Step 2: Notify a peer to setup WebRTC connection
Now that we have obtained the ICE candidates, the next step is to send this candidates to a peer that we wish to connect to. Along with the candidates, Session Descriptions like the session information, time description, media description are sent. The ICE candidates and the Session Description are bundled inside an object and conveyed using the Session Description Protocol (SDP). In certain cases, the ICE candidates are not bundled in the same object as Session Description and are sent separately, this is called as Trickle ICE (this is a whole new concept, let’s not go deep into it for now!).
I’ve written that we need to ‘send’ the information to the other peer. But, how are the candidates and session description transferred when we only know the IP address of the sender and unaware about the receiving peer’s IP address ? And since the WebRTC connection has not yet been established, through what medium are these information transferred ?
The answer to all these questions lie inside a concept called as Signalling Mechanism. Before a WebRTC connection is established, we need some medium to transfer the above information between the peers and let them know how to locate and connect with each other for a WebRTC connection. This is where signalling mechanism comes into picture. A signalling mechanism, as the name suggests, exchanges connection signals (ICE candidates, Session description, etc) between the two peers that intend to be connected.
WebRTC does not define any standard for implementing such a signalling mechanism and leaves it to the developer to create a mechanism of his/her choice. The signalling mechanism to exchange the information can be achieved by simply copy-pasting either information into respective peers or by using a communication channel like WebSockets, Socket.io, Server Side Events, etc. In short, a signalling mechanism is just a mode of exchanging connection related information between peers so that the peers can identify each other and start communicating further using WebRTC.
Let’s quickly run through the entire process step-by-step for better understanding.
If suppose, peer A would like to setup a WebRTC connection with peer B, they need to perform the following actions:
Peer A generates it’s ICE candidates using Interactive Connectivity Establishment (ICE). In most cases it requires a Session Traversal Utilities for NAT (STUN) or a Traversal Using Relays around NAT (TURN) server.

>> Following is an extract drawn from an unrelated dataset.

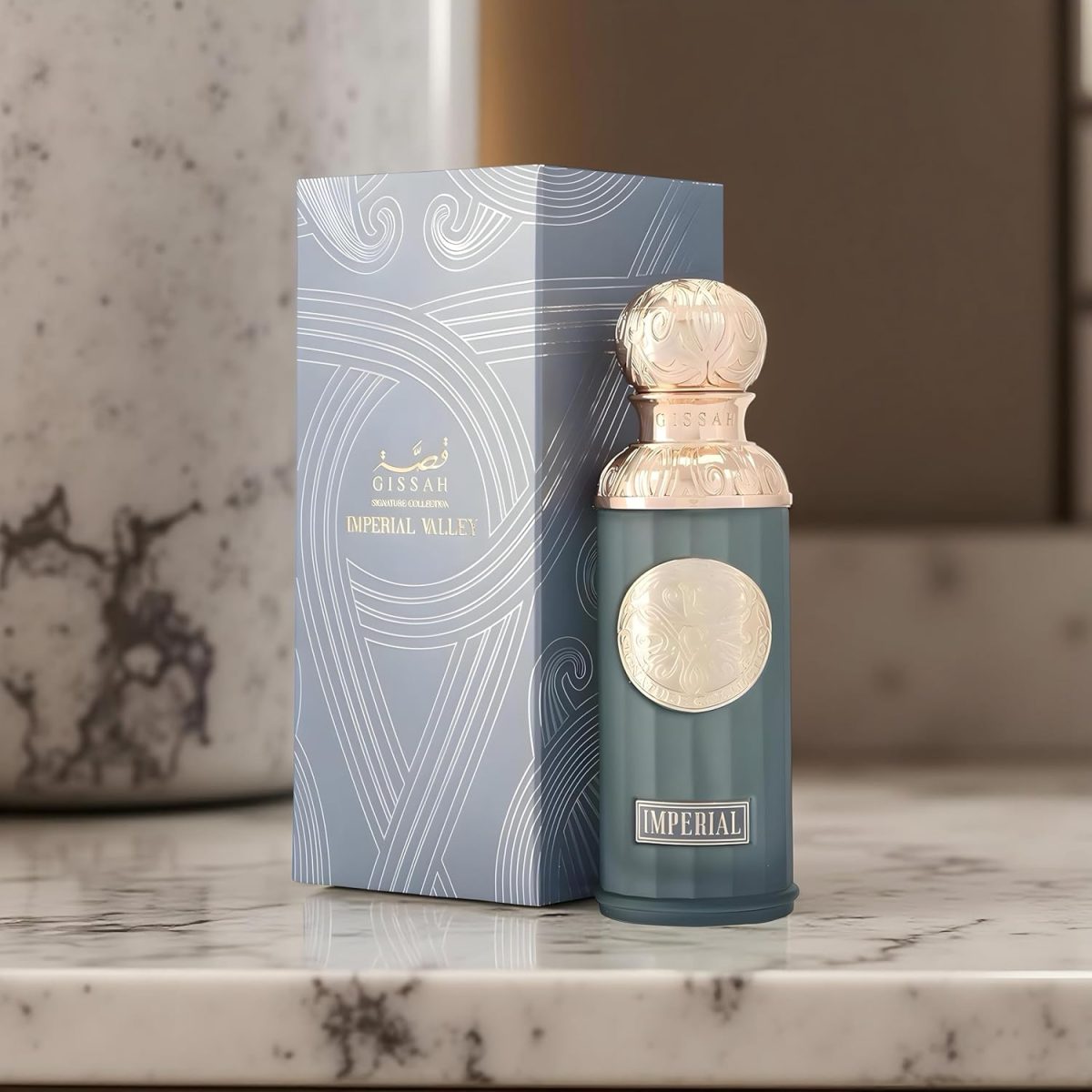 ⁦عطر امبريال فالي من جيساه 50 مل | عطر صغير فاخر من جيسة - او دي بارفان للرجال والنساء عطر عطور قصه بريال امبريال فالي الصغير للرجال والنساء مجموعة عطورات قصة⁩ - الصورة ⁦3⁩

Peer A bundles the ICE candidate and Session Description into a single object. This object is stored as Local Description (a peer’s own connection information) within peer A and transferred to peer B via a signalling mechanism. This part is called as the Offer.
Peer B receives the offer and stores it as Remote Description (connection information of the peer at other end) for further use. Peer B generates it’s own ICE candidate and Session Description, stores them as it’s Local Description and sends it to peer A via the signalling mechanism. This part is called as the Answer. (Note: As said earlier, the ICE candidates in step 2 and 3 may also be sent separately)
Peer A receives the answer from peer B and stores it as it’s Remote Description.
With this, both the peers have the connection information of each other and can successfully start communicating via WebRTC !
Top comments (4)
It should be noted that the API and its browser support only recently stabilized.
Also, while using WebRTC for direct peer-to-peer-connections is rather easy, adding more peers is where the problems start.
Otherwise, it's a pretty great addition to the web tech stack, allowing a great deal of flexibility for sharing various streams of any format and content.
Does building a STUN server should be easy?
How to build a simple TURN server?
I am interested to see the role of 'servers' vs the role of the 'clients'
I'm not sure how easy or difficult it is to build a STUN or TURN server from scratch on our own since I haven't tried it.
For my previous WebRTC project, I used an open source TURN/STUN implementation called COTURN and hosted it on a DigitalOcean instance.
Also, there are multiple publicly available STUN servers that you can use.
tinyurl.com/y3345yop (All STUN servers in this list may not be live)
The task of STUN seems simple, which is telling you your IP, this is why I asked about the complexity of building one.